The data:
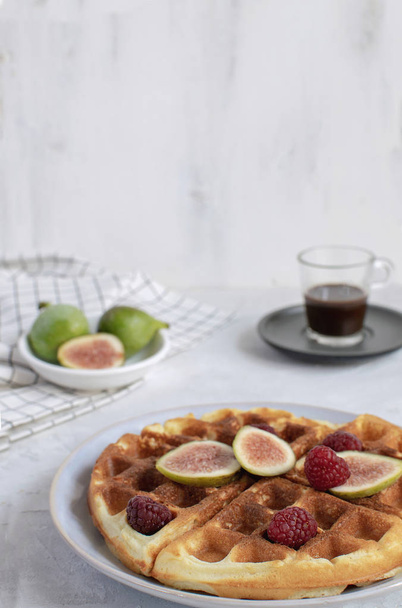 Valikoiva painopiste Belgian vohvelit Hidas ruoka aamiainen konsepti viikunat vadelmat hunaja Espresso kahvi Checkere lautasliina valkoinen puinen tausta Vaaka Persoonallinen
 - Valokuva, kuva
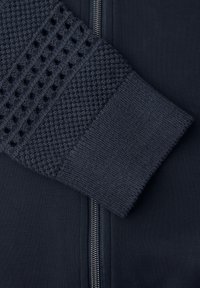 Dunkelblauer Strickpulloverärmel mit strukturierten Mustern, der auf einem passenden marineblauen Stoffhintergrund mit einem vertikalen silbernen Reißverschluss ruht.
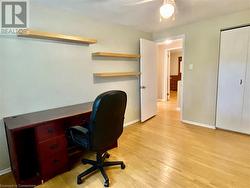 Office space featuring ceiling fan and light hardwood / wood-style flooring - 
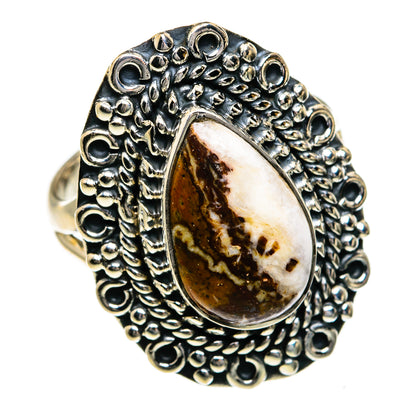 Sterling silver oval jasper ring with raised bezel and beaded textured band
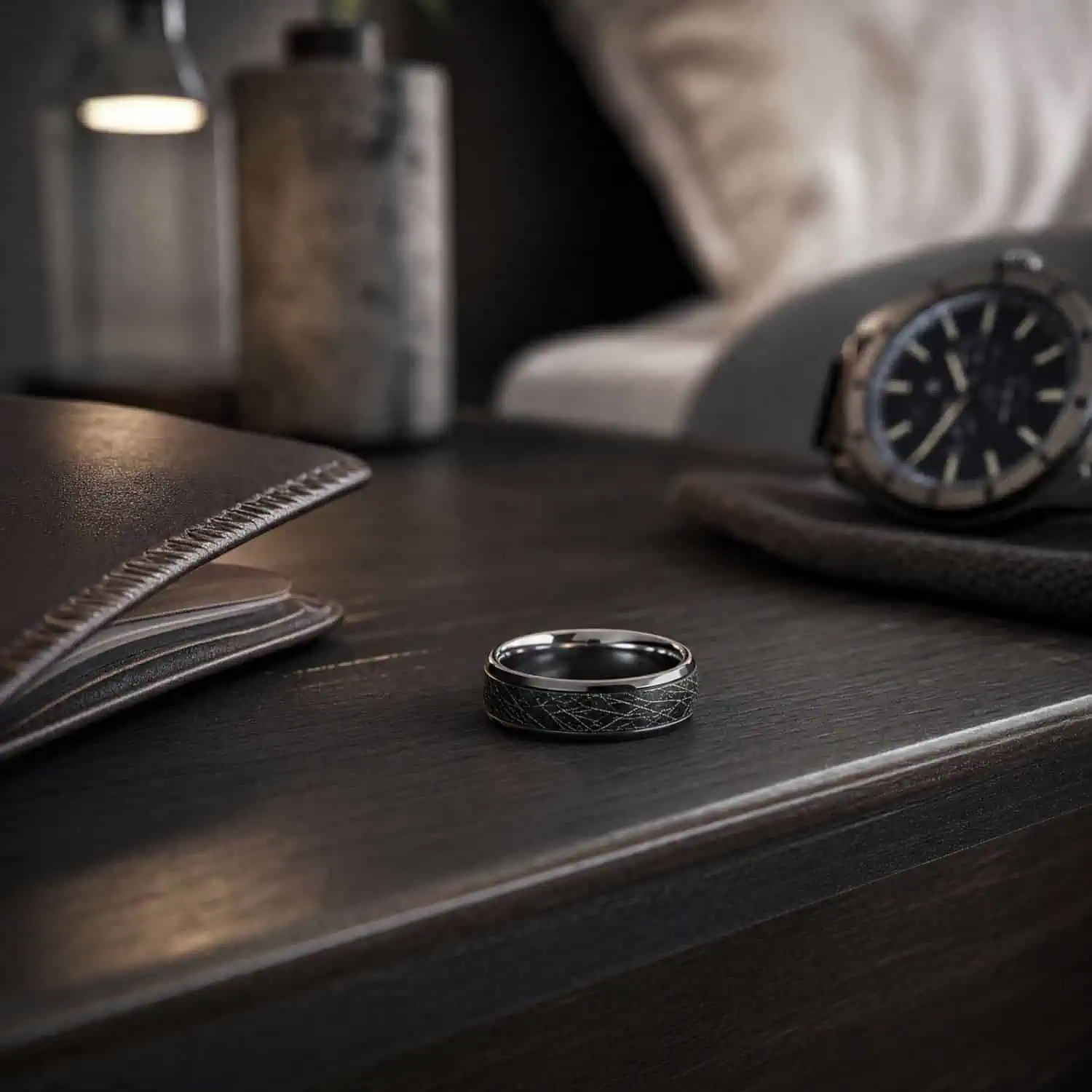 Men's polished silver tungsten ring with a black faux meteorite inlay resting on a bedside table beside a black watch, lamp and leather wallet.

---

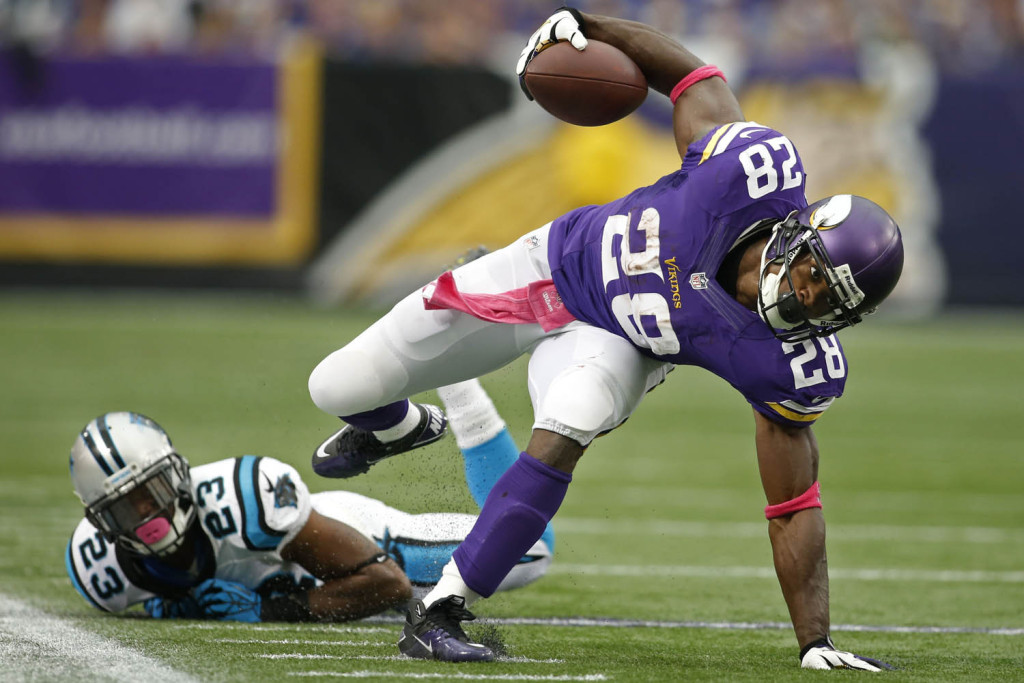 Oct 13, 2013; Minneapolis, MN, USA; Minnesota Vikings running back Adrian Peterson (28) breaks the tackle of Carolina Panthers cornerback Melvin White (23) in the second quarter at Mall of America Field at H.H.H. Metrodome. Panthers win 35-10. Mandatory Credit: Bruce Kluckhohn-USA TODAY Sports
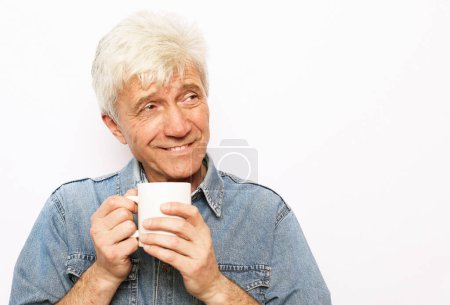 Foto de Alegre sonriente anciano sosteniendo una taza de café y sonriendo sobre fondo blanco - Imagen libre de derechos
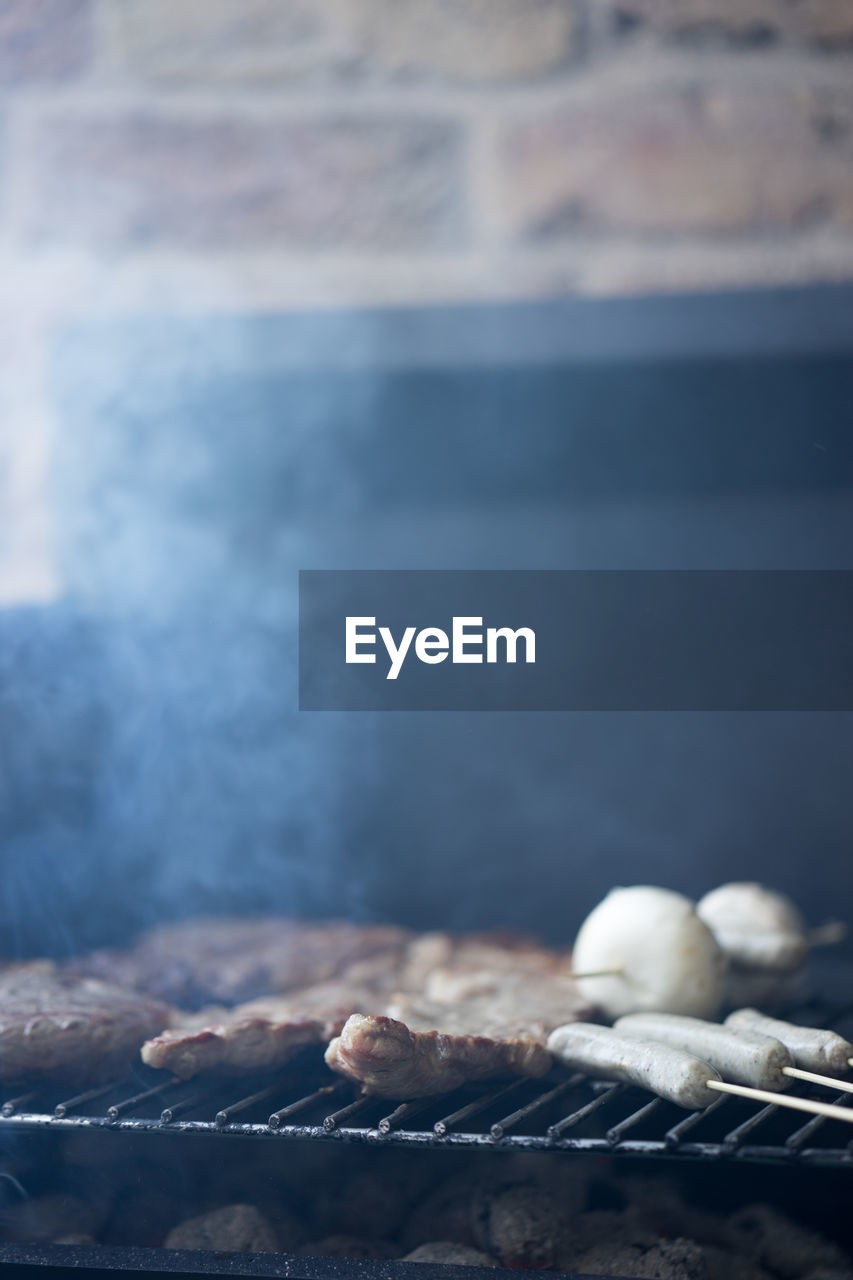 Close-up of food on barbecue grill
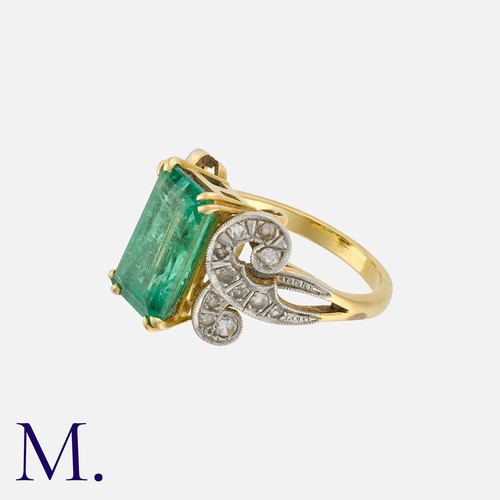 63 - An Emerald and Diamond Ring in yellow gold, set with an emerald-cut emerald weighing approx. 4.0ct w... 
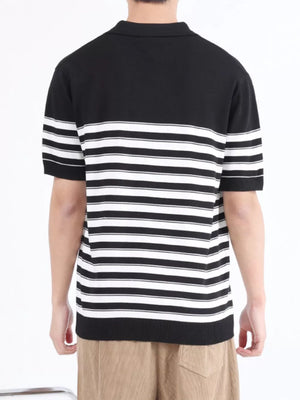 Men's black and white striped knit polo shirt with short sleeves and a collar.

Work order:
With the pictures omitted, print the lines above exactly, beginning at the line with "Office space featuring" and going on through the line with "Men's polished silver".

Exercise result:
 Office space featuring ceiling fan and light hardwood / wood-style flooring - 
 Sterling silver oval jasper ring with raised bezel and beaded textured band
 Men's polished silver tungsten ring with a black faux meteorite inlay resting on a bedside table beside a black watch, lamp and leather wallet.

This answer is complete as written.